Director: Stanley Kubrick
Screenplay: Stanley Kubrick, Calder Willingham, Jim Thompson
Based on a Novel by: Humphrey Cobb
Starring: Kirk Douglas, Ralph Meeker, Adolphe Menjou
Running Time: 88 min
BBFC Certificate: PG
Stanley Kubrick is considered one of the greatest directors of all time, but most discussions and plaudits these days tend to focus on his mid to late work. 2001: A Space Odyssey and The Shining for instance are regularly hailed as pinnacles of the sci-fi and horror genres respectively, as well as cropping up on general lists of the greatest films of all time, and rightly so, but I feel not enough attention is given to his 50’s output. His little-seen first feature, Fear and Desire (which I reviewed a few years ago) is no masterpiece and Kubrick was openly embarrassed about it once he grew more successful. His follow up, the film noir Killer’s Kiss, is a bit clunky, but shows promise in a couple of great set-pieces. However, after these shaky first steps, Kubrick knocked it out of the park with two incredibly sharp and assured films, The Killing and Paths of Glory. Neither made much of a commercial splash on release, but they gained enough critical acclaim for Kubrick to get attached to the big budget Spartacus, which was the beginning of the director’s rise to becoming a household name. These two late 50’s titles are well reviewed, but I don’t tend to see them crop up on as many ‘best of’ lists and neither have been packaged with the big Kubrick box sets that have been released (although this is a rights issue more than favouritism). Well, in early 2015, Arrow gave us a great Blu-Ray package containing The Killing alongside Killer’s Kiss and now Eureka have turned their attention towards Paths of Glory, delivering the wonderful Blu-Ray release it deserves.

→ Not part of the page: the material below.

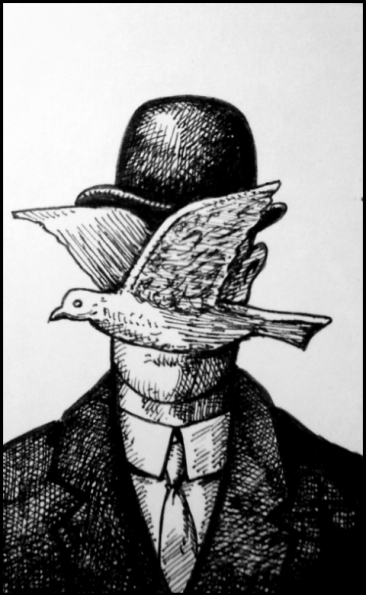 René Magritte (Zeichnung: urian)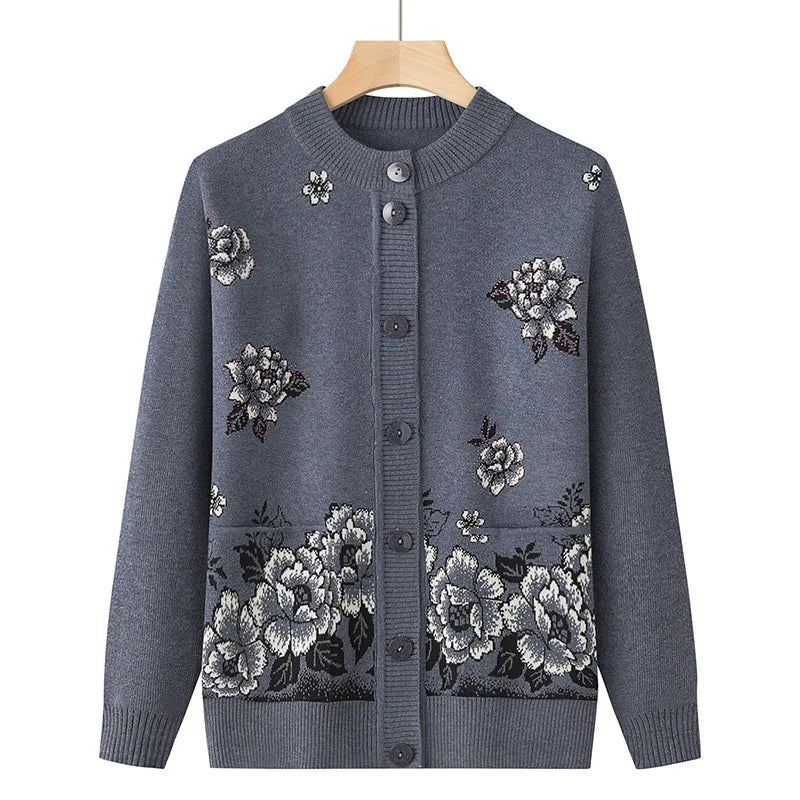 Knitwear Woman Clothes Vintage Wool Spring Autumn Cardigan For Women Long Sleeve Middle Aged Mother Sweaters Coats Female Top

Paths of Glory is based on a true story, set on the front line in France during World War I. A troop of soldiers are ordered to take a German position known as ‘the anthill’. It’s pretty much a suicide mission, which General Mireau (George Macready) is aware of, but his superior, General Georges Broulard (Adolphe Menjou), insists and dangles the carrot of a promotion if he carries it out. Mireau gives the order to the regiment’s Colonel Dax (Kirk Douglas), who is even more reluctant, but has no choice in the matter. When the day of the attack comes, the first wave out of the trenches takes heavy casualties and the second refuse to go over the top, so the mission is abandoned. Mireau is furious about this and orders each of the three companies involved to pick one soldier to be executed to make an example of the regiment. Dax is furious about this and, being an esteemed criminal defence lawyer before the war, he requests to defend the three soldiers in the court martial.
Kubrick is often accused of being quite a cold filmmaker, but this is an immensely powerful and bleak story which damns the cold machinations of war. There’s little hope for our protagonists as the lowest ranking troops are crushed under foot by their superiors for reasons little known to those in the line of fire. No good reason is given for the attack on the anthill, other than the suggestion that the public want to see some movement forward in the war which had been stuck in stalemate for a while. So, disturbingly, much of the reason for fighting is simply to keep up appearances. This lack of sympathy for the front line soldiers from their superiors is accentuated by the film’s setting of talks between the Generals and the facade of the court martial being a grand chateau that the army has taken control of for the war effort.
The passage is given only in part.